In a previous post I was exploring a conspiracy theory regarding a plot to conduct a coup of the Roosevelt Administration that I stumbled upon while studying political philosophies. The plot is said to have been hatched by wealthy industrialists who were opposed to the United States repealing the gold standard, and is very vaguely attached to Prescott Bush by propagandists. I was curious about this and started studying the appointment of Chairman Bernanke during the Bush administration to see if there was any discernible intent to implement tighter money than what otherwise would be required.

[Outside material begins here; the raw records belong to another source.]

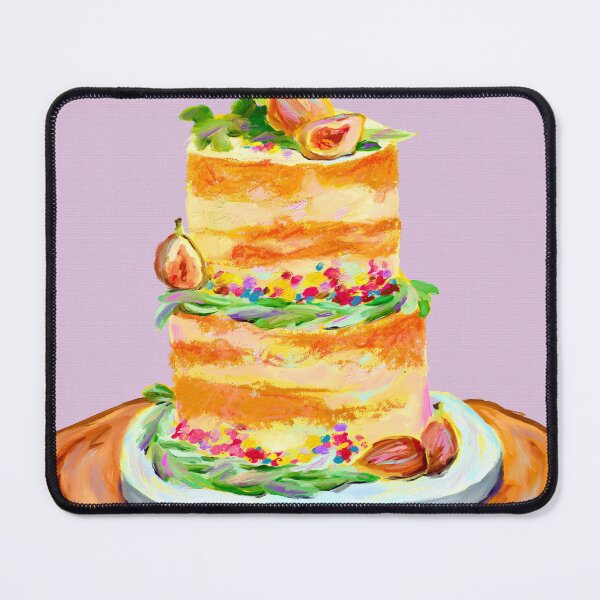 Item preview, Peachy wedding cake designed and sold by Madeline Glines.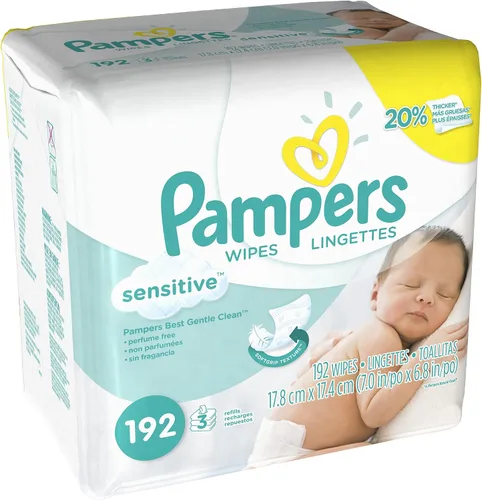 Vista 3 de Pampers Toallitas sensibles para bebés 640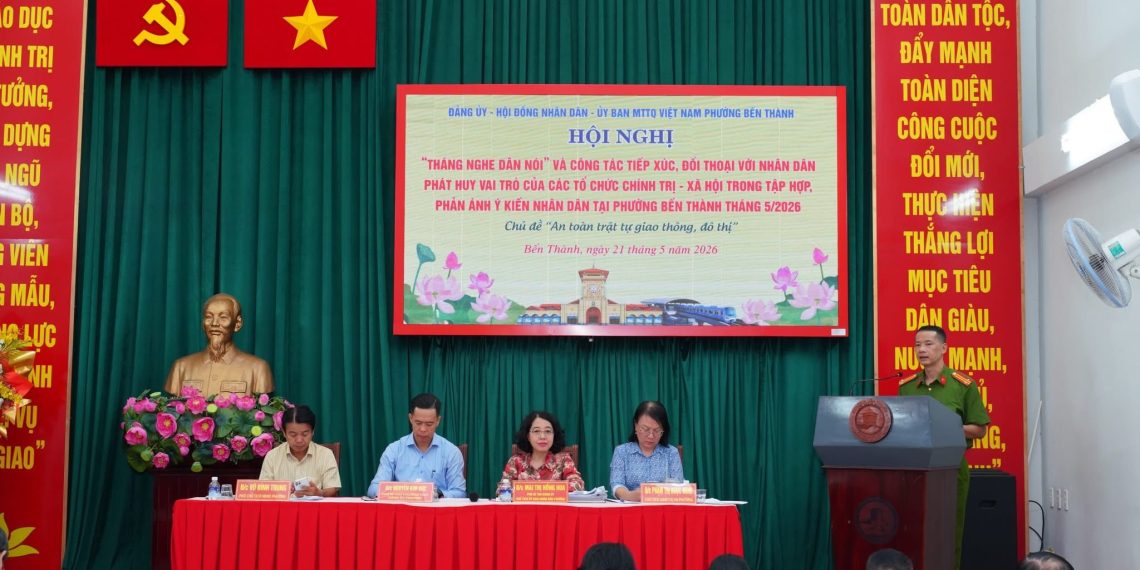 PHƯỜNG BẾN THÀNH LẮNG NGHE DÂN NÓI VỀ AN TOÀN TRẬT TỰ GIAO THÔNG VÀ ĐÔ THỊ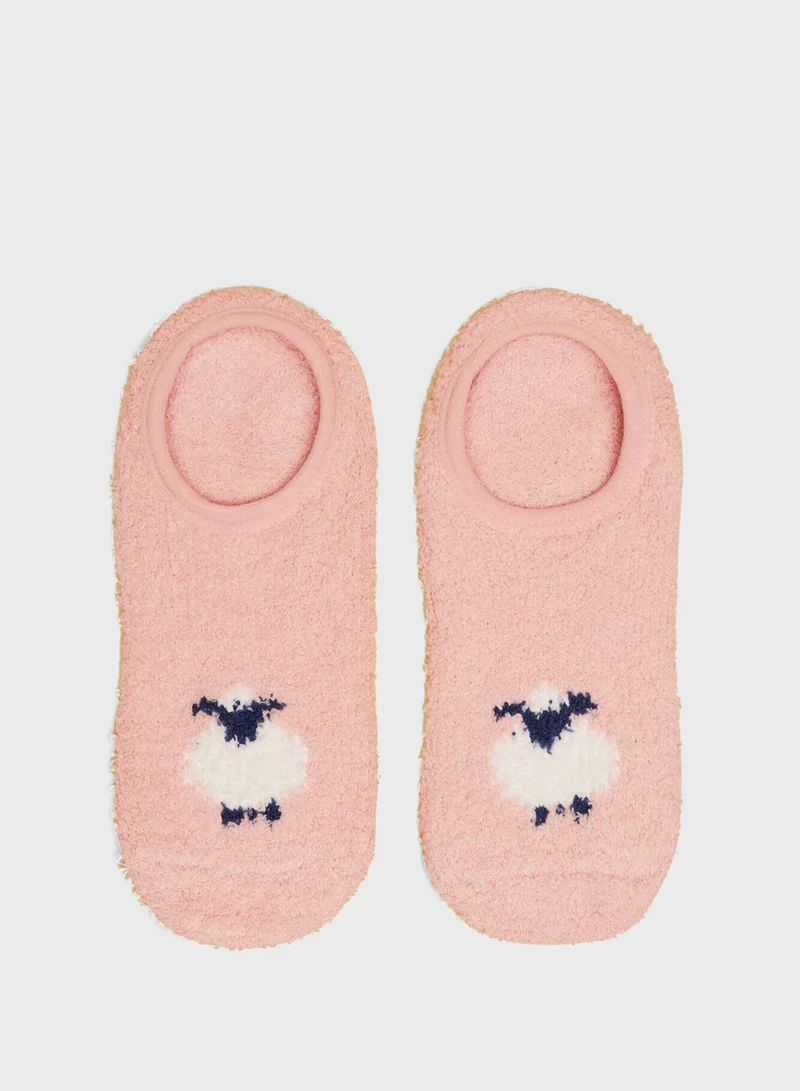 women'secret Embroidered Low Knee Socks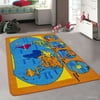 "Allstar Kids / Baby Room Area Rug. World Map. USA Map. Ocean. Continents. Bright Colorful Vibrant Colors (4 11"" x 6 11"")"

I found this article in the New York Times from 2005 that states (emphasis added):

Mr. Bernanke was not the first choice of ardent supporters of supply-side economics, who favor deep tax cuts and tight monetary policy as the best medicine to strengthen the economy. They tended to favor R. Glenn Hubbard, an architect of Mr. Bush’s sweeping tax cuts and one of the leading candidates. Others in the White House leaned toward Martin S. Feldstein, a Harvard economist who served as President Ronald Reagan’s chief economic adviser.

Later it states a quandary for the start of Bernanke’s term, suggesting the markets expected some tightening of policy, but they expected a pause in the tightening as Bernanke’s term commenced.

Based on the price of a futures contract tied to Fed policy, investors are expecting three more rate increases, pushing the target rate to 4.5 percent from the current 3.75 percent, before the Fed pauses or stops altogether…

At exactly the moment he is trying to establish himself as an inflation fighter and his independence from the Bush administration, Mr. Bernanke — if he endorses the pause in raising interest rates that many in the markets expect — could appear to be moving in the opposite direction.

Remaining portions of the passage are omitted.